I'd like to apply qdap
's polarity
function to a vector of documents, each of which could contain multiple sentences, and obtain the corresponding polarity for each document. For example:
library(qdap)
polarity(DATA$state)$all$polarity
# Results:
[1] -0.8165 -0.4082 0.0000 -0.8944 0.0000 0.0000 0.0000 -0.5774 0.0000
[10] 0.4082 0.0000
Warning message:
In polarity(DATA$state) :
Some rows contain double punctuation. Suggested use of `sentSplit` function.
This warning can't be ignored, as it seems to add the polarity scores of each sentence in the document. This can result in document-level polarity scores outside the [-1, 1] bounds.

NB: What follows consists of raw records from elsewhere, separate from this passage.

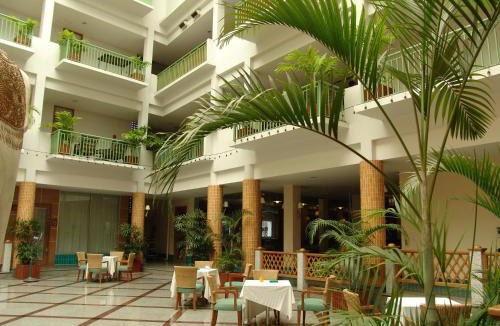 Nai Wiang Hotel | Dhevaraj Hotel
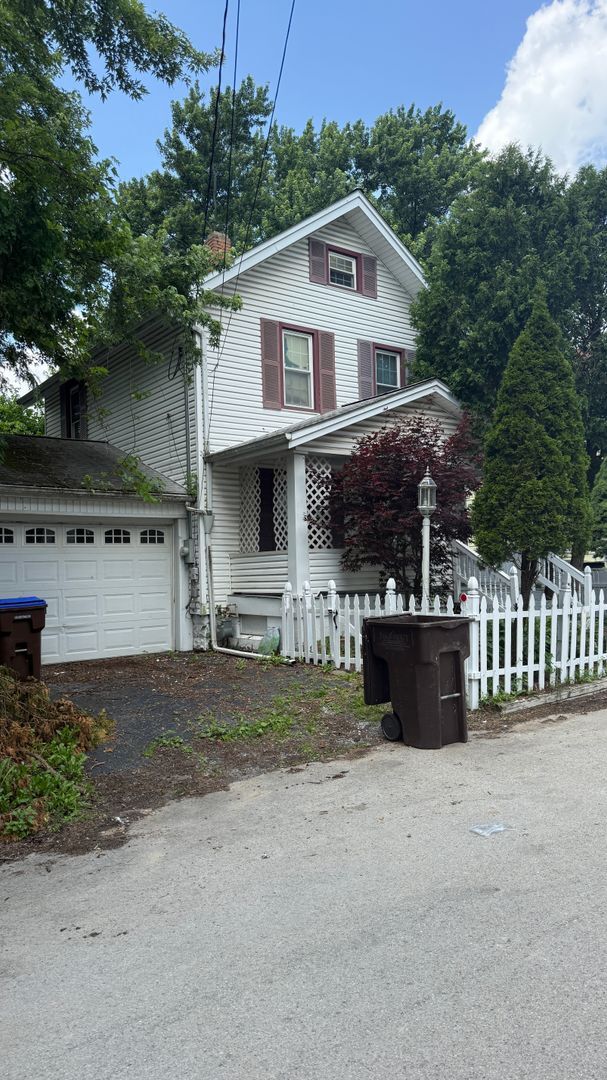 property at 967 Fabian Way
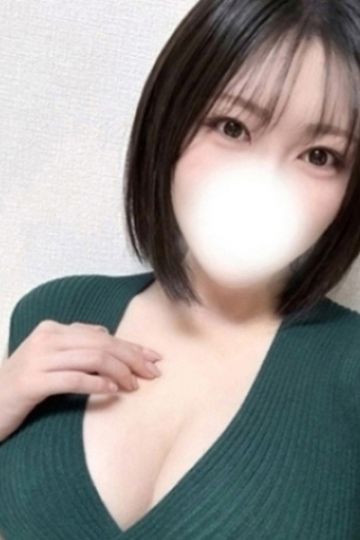 影山なお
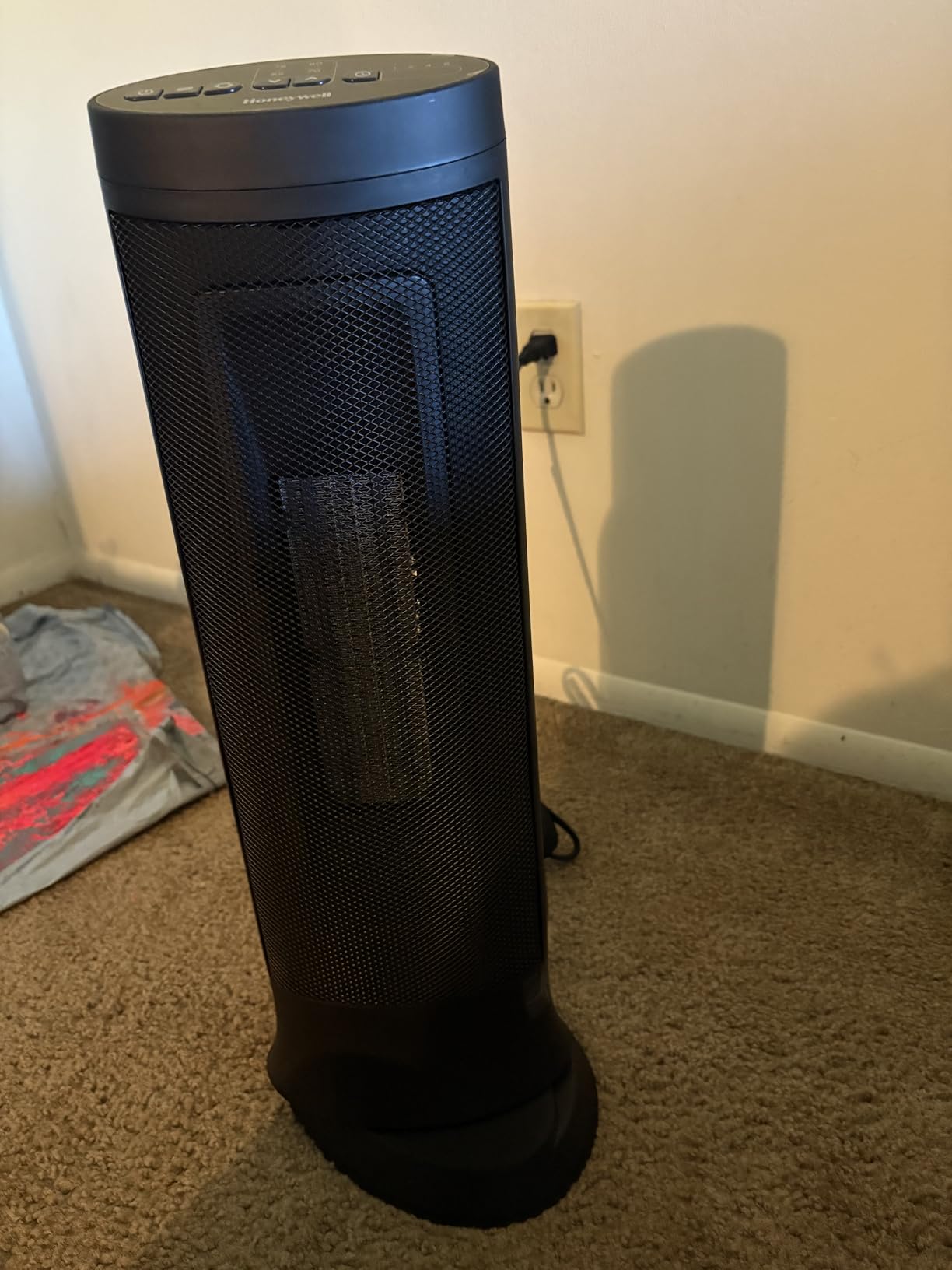 Honeywell slim ceramic tower heater, large room, 1500W, digital controls, oscillation, programmable thermostat, black customer photo 2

I'm aware of the option to first run sentSplit
and then average across the sentences, perhaps weighting polarity by word count, but this is (1) inefficient (takes roughly 4x as long as running on the full documents with the warning), and (2) unclear how to weight sentences. This option would look something like this:
DATA$id <- seq(nrow(DATA)) # For identifying and aggregating documents
sentences <- sentSplit(DATA, "state")
library(data.table) # For aggregation
pol.dt <- data.table(polarity(sentences$state)$all)
pol.dt[, id := sentences$id]
document.polarity <- pol.dt[, sum(polarity * wc) / sum(wc), "id"]
I was hoping I could run polarity
on a version of the vector with periods removed, but it seems that sentSplit
does more than that. This works on DATA
but not on other sets of text (I'm unsure of the full set of breaks other than periods).
So, I suspect the best way of approaching this is to make each element of the document vector look like one long sentence. How would I do this, or is there another way?